▸ **RECORDS PROVIDED**
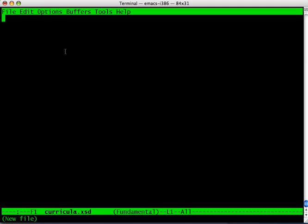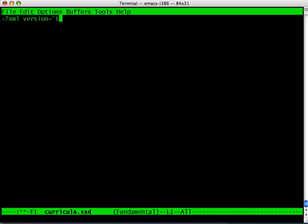I'm going to use Emacs to create my document. I'm creating a document called curricula.xsd. You could use any editor you want - I just happen to prefer Emacs. The first thing I need to do is define a document prolog, which pretty much all XML documents need to have at the beginning of the file. I'll go ahead and create this prolog with UTF-8 encoding.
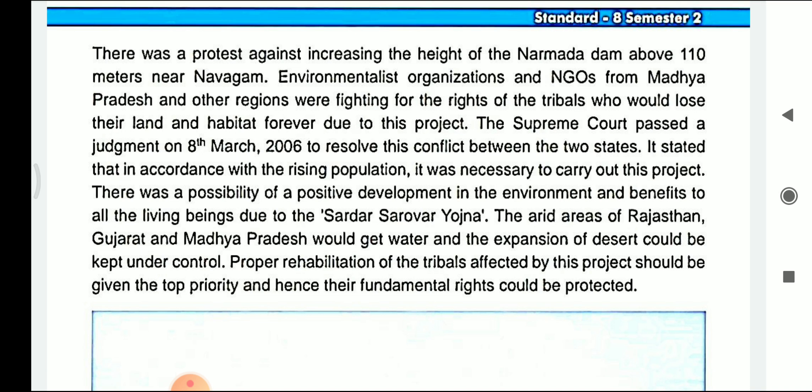The protest was held against increasing the height of the Narbada Dam, also known as the Sardar Sarovar Dam, which was more than 110 metres near Navagam. Environmentalist organisations and NGOs — that is, non-government organisations working to favour and help people in need — from Madhya Pradesh and other regions were fighting that the project should not be conducted, as many tribal people residing there would lose their land and habitat if this project were carried on.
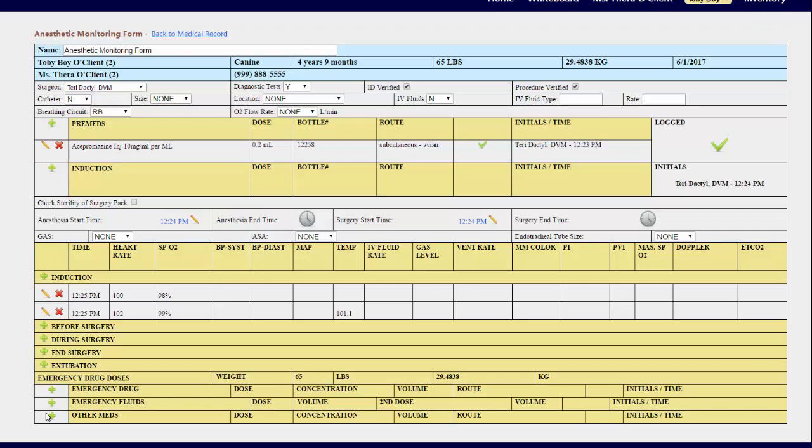Once you have completed the form, you do not need to save. As you can see, some of those sections can be edited after surgery, but if they have already been initiated or logged off on, they will need to be re-initiated. This form is designed to be used during surgery. However, the edit pencils allow you to change the time so that you can fill out the form post-surgery.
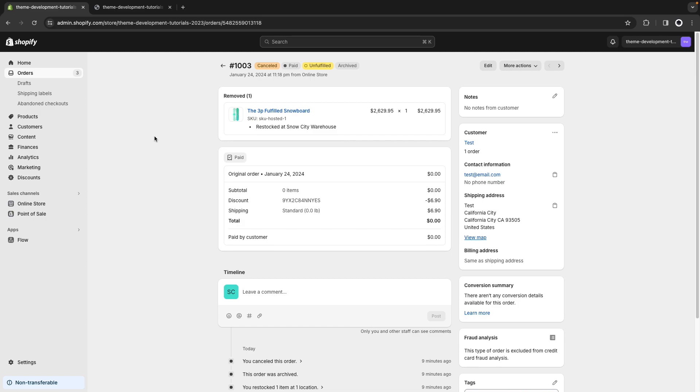And there you have it. The order has been cancelled, the items have been restocked and you had the opportunity to test or debug something in the checkout flow without getting in the way of your customers.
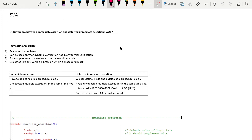Hello and welcome. In this video we will try to understand the practical difference between immediate and deferred immediate assertion. Before moving to the example, we'll try to understand a little bit of theory, and after that we will write a simple code for immediate and deferred immediate assertion to observe the result practically, so that you will remember the concept. Let me explain with the help of this table.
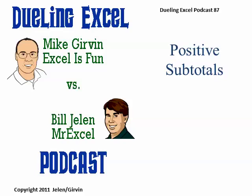Hey, welcome back. It's another Dueling Excel podcast. I'm Bill Jelen from MrExcel, we'll be joined by Mike Girvin from Excel is Fun. This is episode 87, Positive Subtotals.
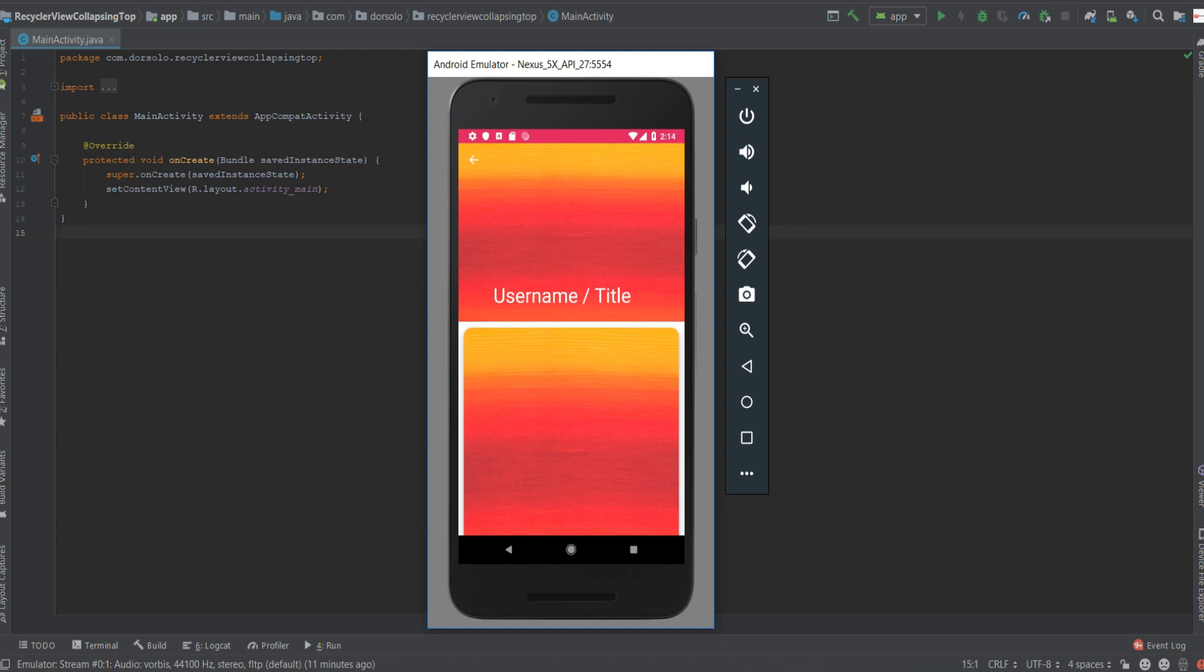Welcome back guys to another Android development tutorial. Today we'll be talking about how to create a collapsing toolbar that when scrolling integrates smoothly from an image view into a toolbar.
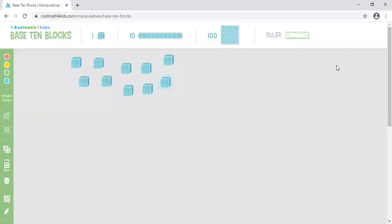Good morning, you three. So today we're going to be looking at subtraction again, but today we're going to be doing it with exchanges. So last week you looked at addition with exchanges. This week we're going to be looking at subtraction with exchanges. We're going to be using our deans to help us today and you're going to be using the website that I'm sharing my screen with you now.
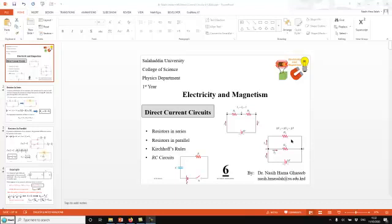This is Dr. Nasi from the Physics Department, College of Science, Salahadin University. In this tutorial, I'm going to show you how to calculate the equivalent resistance for a circuit with a combination of parallel and series connections.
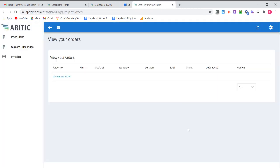A new tab with your invoices will be loaded. Here you can view all your invoices purchased till date. Hope this helps. Thank you guys.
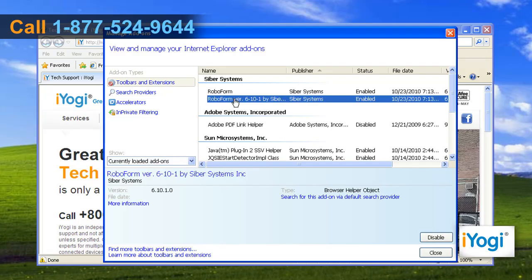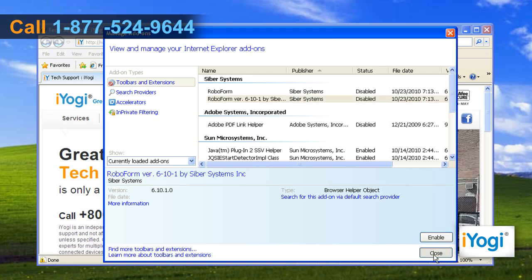Select the add-on from the list you want to disable and then click on the Disable button. Click on Close.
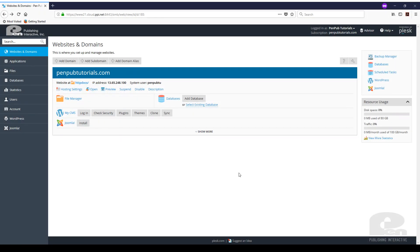So I'm already logged into my Plesk environment where my website is hosted. If you're familiar with Plesk this interface should be fairly familiar.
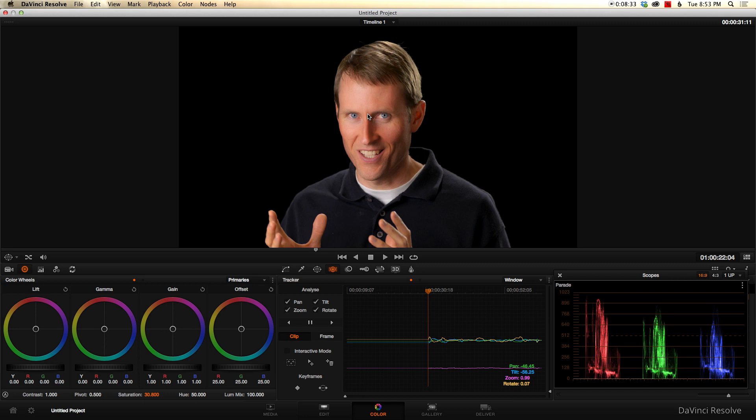And it also kind of softens the light on the face as well. So it can be really helpful for those types of situations.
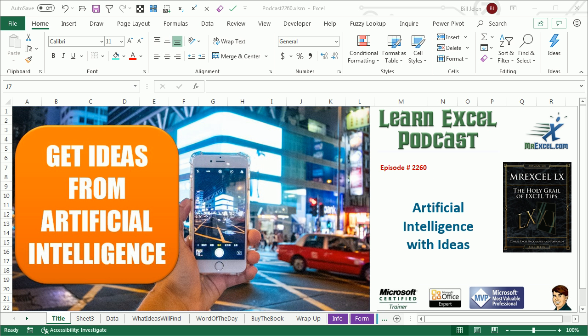Learn Excel from MrExcel, podcast episode 2260, Artificial Intelligence with Ideas.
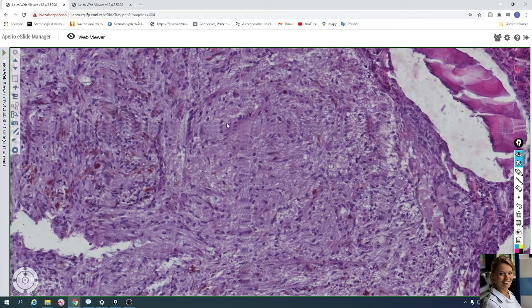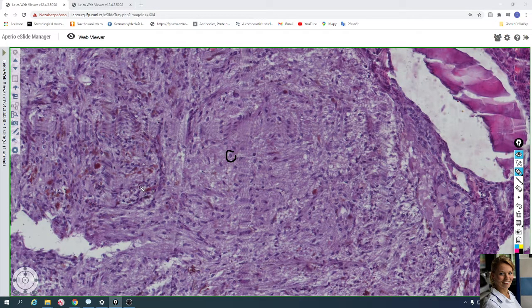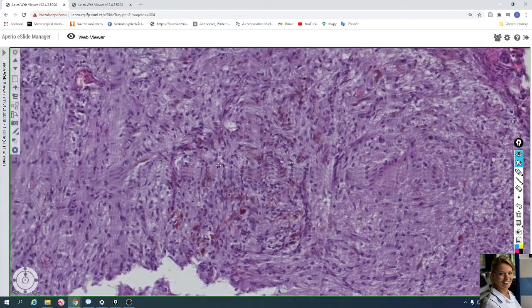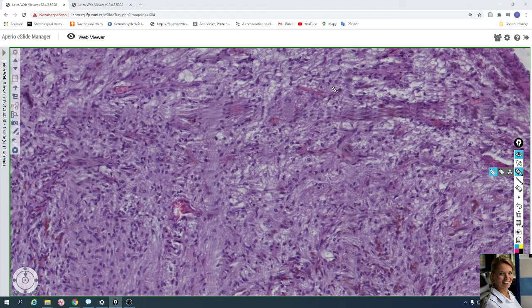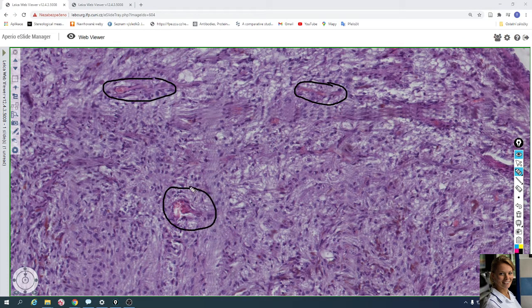Here is the posterior lobe with nuclei of pituicytes. The pituicytes sometimes contain brown pigment granules in their cytoplasm. Of course, you can find many capillaries — for example here are capillaries with erythrocytes in their lumen.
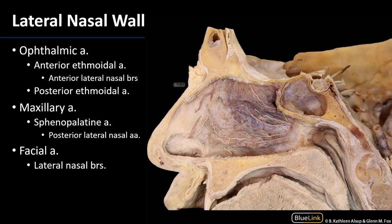Turning our attention to the lateral wall, we'll see that all of the same players are involved — branches of the ophthalmic superiorly, the maxillary posteriorly, and the facial anteriorly. Coming from the ophthalmic, we're going to have our anterior ethmoidal artery supplying anterior lateral nasal branches, and we're also going to have our posterior ethmoidal artery serving a posterior ethmoidal branch as well.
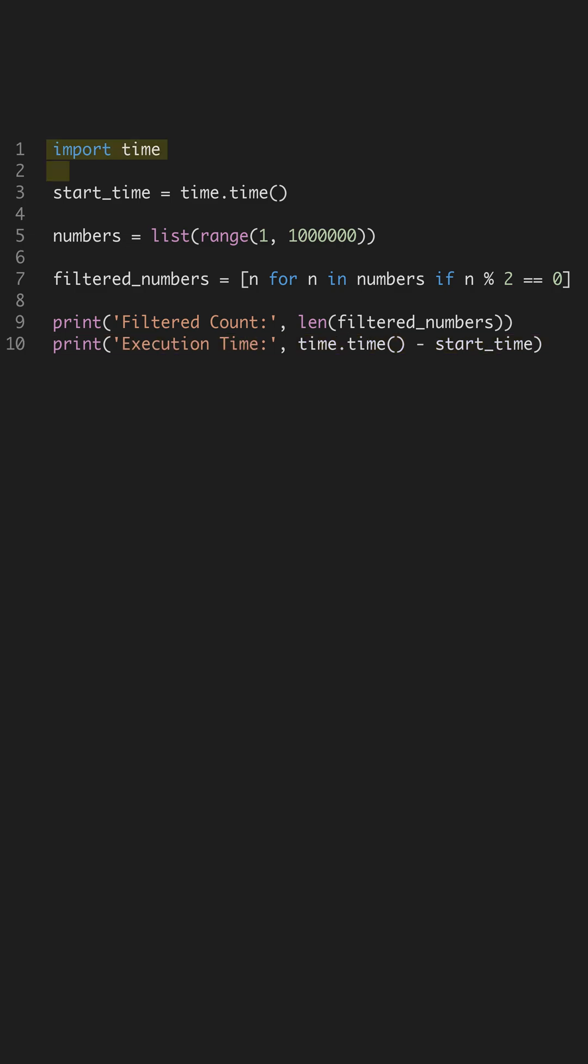By incorporating these practices, your Python scripts can run faster and more efficiently. Always look for built-in functionalities that can simplify and accelerate your code.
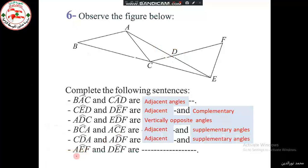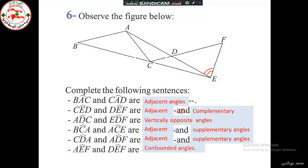Finally, angle AEF and angle DEF. What do we notice? We notice that they are confounded — two angles that lie on top of each other, overlapping completely.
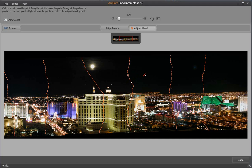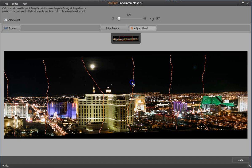To restore the original blending path, you can right click the point. If you are satisfied with the result, you can click done.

▸ **WORK ITEM**
Please retype every record exactly, leaving the pictures out.

▸ **RESULT**
I'm going to use Emacs to create my document. I'm creating a document called curricula.xsd. You could use any editor you want - I just happen to prefer Emacs. The first thing I need to do is define a document prolog, which pretty much all XML documents need to have at the beginning of the file. I'll go ahead and create this prolog with UTF-8 encoding.
The protest was held against increasing the height of the Narbada Dam, also known as the Sardar Sarovar Dam, which was more than 110 metres near Navagam. Environmentalist organisations and NGOs — that is, non-government organisations working to favour and help people in need — from Madhya Pradesh and other regions were fighting that the project should not be conducted, as many tribal people residing there would lose their land and habitat if this project were carried on.
Once you have completed the form, you do not need to save. As you can see, some of those sections can be edited after surgery, but if they have already been initiated or logged off on, they will need to be re-initiated. This form is designed to be used during surgery. However, the edit pencils allow you to change the time so that you can fill out the form post-surgery.
And there you have it. The order has been cancelled, the items have been restocked and you had the opportunity to test or debug something in the checkout flow without getting in the way of your customers.
Hello and welcome. In this video we will try to understand the practical difference between immediate and deferred immediate assertion. Before moving to the example, we'll try to understand a little bit of theory, and after that we will write a simple code for immediate and deferred immediate assertion to observe the result practically, so that you will remember the concept. Let me explain with the help of this table.
Hey, welcome back. It's another Dueling Excel podcast. I'm Bill Jelen from MrExcel, we'll be joined by Mike Girvin from Excel is Fun. This is episode 87, Positive Subtotals.
Welcome back guys to another Android development tutorial. Today we'll be talking about how to create a collapsing toolbar that when scrolling integrates smoothly from an image view into a toolbar.
Good morning, you three. So today we're going to be looking at subtraction again, but today we're going to be doing it with exchanges. So last week you looked at addition with exchanges. This week we're going to be looking at subtraction with exchanges. We're going to be using our deans to help us today and you're going to be using the website that I'm sharing my screen with you now.
This is Dr. Nasi from the Physics Department, College of Science, Salahadin University. In this tutorial, I'm going to show you how to calculate the equivalent resistance for a circuit with a combination of parallel and series connections.
A new tab with your invoices will be loaded. Here you can view all your invoices purchased till date. Hope this helps. Thank you guys.
Select the add-on from the list you want to disable and then click on the Disable button. Click on Close.
So I'm already logged into my Plesk environment where my website is hosted. If you're familiar with Plesk this interface should be fairly familiar.
And it also kind of softens the light on the face as well. So it can be really helpful for those types of situations.
Learn Excel from MrExcel, podcast episode 2260, Artificial Intelligence with Ideas.
Here is the posterior lobe with nuclei of pituicytes. The pituicytes sometimes contain brown pigment granules in their cytoplasm. Of course, you can find many capillaries — for example here are capillaries with erythrocytes in their lumen.
Turning our attention to the lateral wall, we'll see that all of the same players are involved — branches of the ophthalmic superiorly, the maxillary posteriorly, and the facial anteriorly. Coming from the ophthalmic, we're going to have our anterior ethmoidal artery supplying anterior lateral nasal branches, and we're also going to have our posterior ethmoidal artery serving a posterior ethmoidal branch as well.
By incorporating these practices, your Python scripts can run faster and more efficiently. Always look for built-in functionalities that can simplify and accelerate your code.
Finally, angle AEF and angle DEF. What do we notice? We notice that they are confounded — two angles that lie on top of each other, overlapping completely.
To restore the original blending path, you can right click the point. If you are satisfied with the result, you can click done.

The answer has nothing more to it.